Microbial infections prior to transplantation. Percentage of the cohort (where data were available) infected with each pathogen is noted. The majority of patients had more than one pathogen isolated from the same individual’s sputa in the year before transplantation. MRSA, methicillin resistant S aureus.

Other organisms commonly isolated pre-transplantation include a mixture of probable commensals and pathogens: Candida was noted in 44% of patients, Aspergillus spp. in 30%, Haemophilus influenzae infection in 28%, Streptococcus pneumoniae in 19%, Stenotrophomonas spp. infection in 17%, methicillin resistant Staphylococcus aureus (MRSA) infection in 14%, Moraxella catarrhalis in 14% and Alcaligenes spp. infection in 3% (n = 36).

Prior to transplantation 24 patients (69%) of 35 patients with available data, were taking nebulised antibiotics. Only 4 patients were receiving azithromycin pre-transplantation, perhaps reflecting the more recent widespread use of macrolides in inflammatory lung disease.

Post-transplantation lavage

Microbiology results for BAL specimens collected at 1 year post-transplantation were retrieved for 29 patients of the 31 recipients alive at 1 year.

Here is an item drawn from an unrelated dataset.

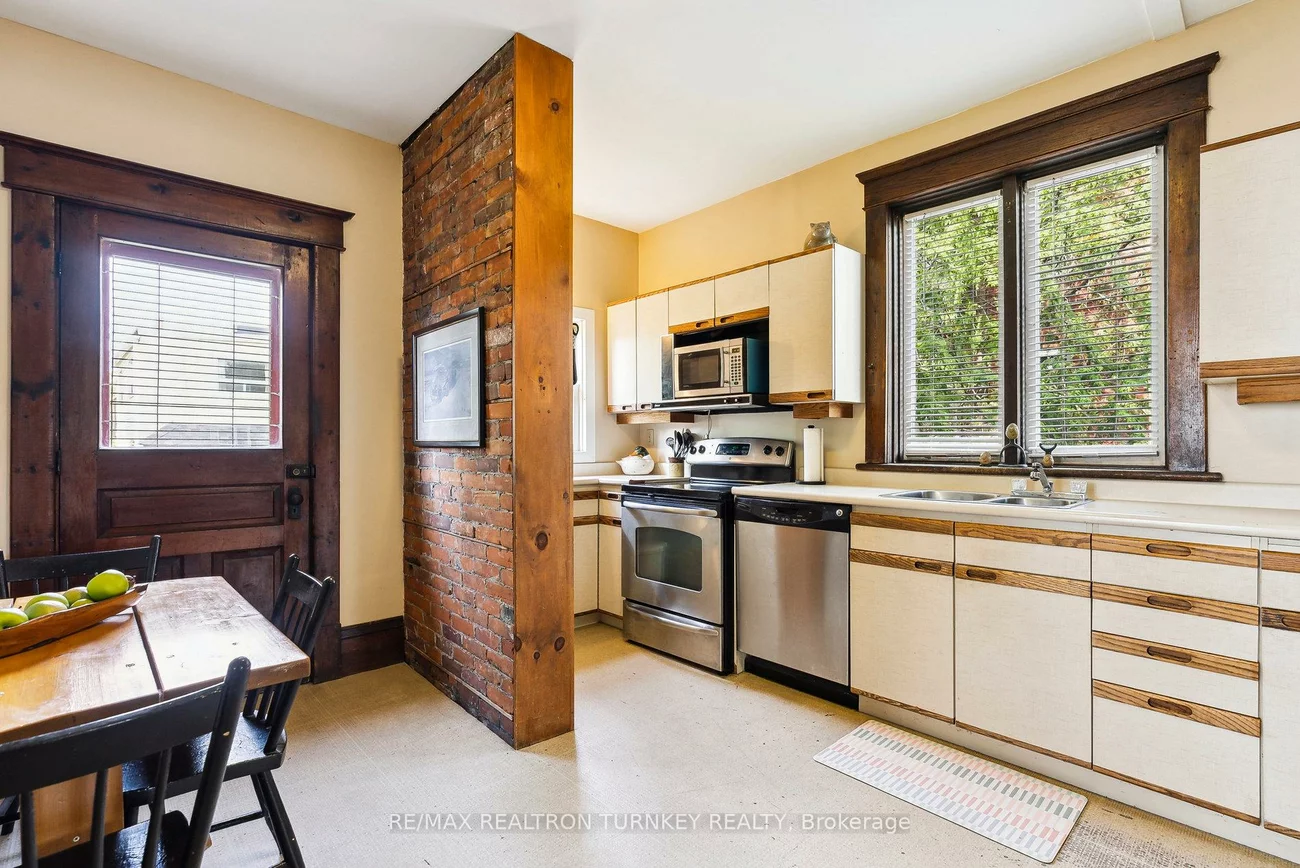 333, Millard, Central Newmarket, Newmarket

Most did not grow respiratory pathogens in their BAL (18 patients, 62%). The most commonly isolated pathogen was P. aeruginosa in 6 patients (21%), all of whom had persistent P. aeruginosa infection prior to transplantation. Other organisms isolated included Candida species (3 patients; 10%), Staphylococcus aureus (2 patients; 7%), Aspergillus fumigatus (1 patient; 3%) and Paecilomyces lilacinus (1 patient).

Discussion

Despite exciting new therapeutic pipelines in BR, a rising mortality rate and increasing hospitalisation rates for BR suggests there are significant unmet medical needs [6, 9]. Lung transplantation is one option for managing severe end stage BR. Lung transplantation for BR accounts for 6% of all lung transplantations performed at our centre, a distribution similar to that of the International Society for Heart Lung Transplantation (ISHLT) registry [21, 22]. We noted excellent post-transplant outcomes with greater than 50% survival at 5 years. Our outcomes were comparable to lung transplant outcomes for other indications at our centre. Our approach has predominantly been with BSLTx, which has been argued as the procedure of choice for this group of patients [21, 22]. Notably BR has been calculated to have a better cost effectiveness outcome following lung transplantation as compared to COPD, the commonest indication for lung transplantation [23]. The combined UK transplant experience also suggested that BR has one of the best post-transplant outcomes [24].

In view of this, the low rates of lung transplantation for BR need to be considered. They may be due to a number of factors including concerns about the risk benefit ratio of lung transplantation in BR. The prevalence of BR peaks in older patients who may be perceived beyond the optimal window for lung transplantation. Furthermore the lack of a validated prognostic scoring systems for BR in contrast to those for COPD may prevent timely referral for lung transplantation [25]. The role of either of the recently published indices, Bronchiectasis severity index (BSI) [4] or FACED score [14] in guiding transplant referrals remains to be defined. We noted that the majority of patients were classified as severe bronchiectasis using BSI but not with FACED. Further studies are needed to define the role of these scores in helping prompt referral for transplant assessment. These latter scores underrepresent those with severe disease until the age is beyond 70 years due to the weighting of the scores.

As highlighted in recent BR guidelines very few studies have examined lung transplantation in detail. The survival in our series was similar to the survival figures previously reported by our institution for CF patients [16].

The most recent case series of 34 patients from Germany reported good outcomes for bronchiectasis with one-year Kaplan-Meier survival for patients with bronchiectasis being 85% and 5-year survival being 73%. These outcomes were comparable to the overall lung transplant cohort. Notably however the mean age group was much younger at 40 years. In those with pre-transplant Pseudomonas infection poorer outcomes and higher rates of BOS were reported from the Hannover group [26]. The UK wide experience spanning 5 centres with 123 BR patients listed for transplantation was noted in a study of all lung transplant indications published in 2009 [24]. Unfortunately, little in depth data beyond survival in BR were available but the study demonstrated only 54 BR patients listed survived on the waiting list to transplantation (48%). Of those transplanted the median waiting time on the list was nearly 1 year with a median post-transplantation survival of 3000 days. Notably the BR post-transplantation survival was the best of 5 major indications for lung transplantations. Despite this apparently good outcome it seems unlikely that the BR cohort were less sick than the other indications studied; along with interstitial lung disease, BR had the highest “on-list” pre-transplantation mortality rates (59/123 died on the waiting list). This correlates well with our observed high rates of respiratory failure and secondary pulmonary hypertension in our cohort.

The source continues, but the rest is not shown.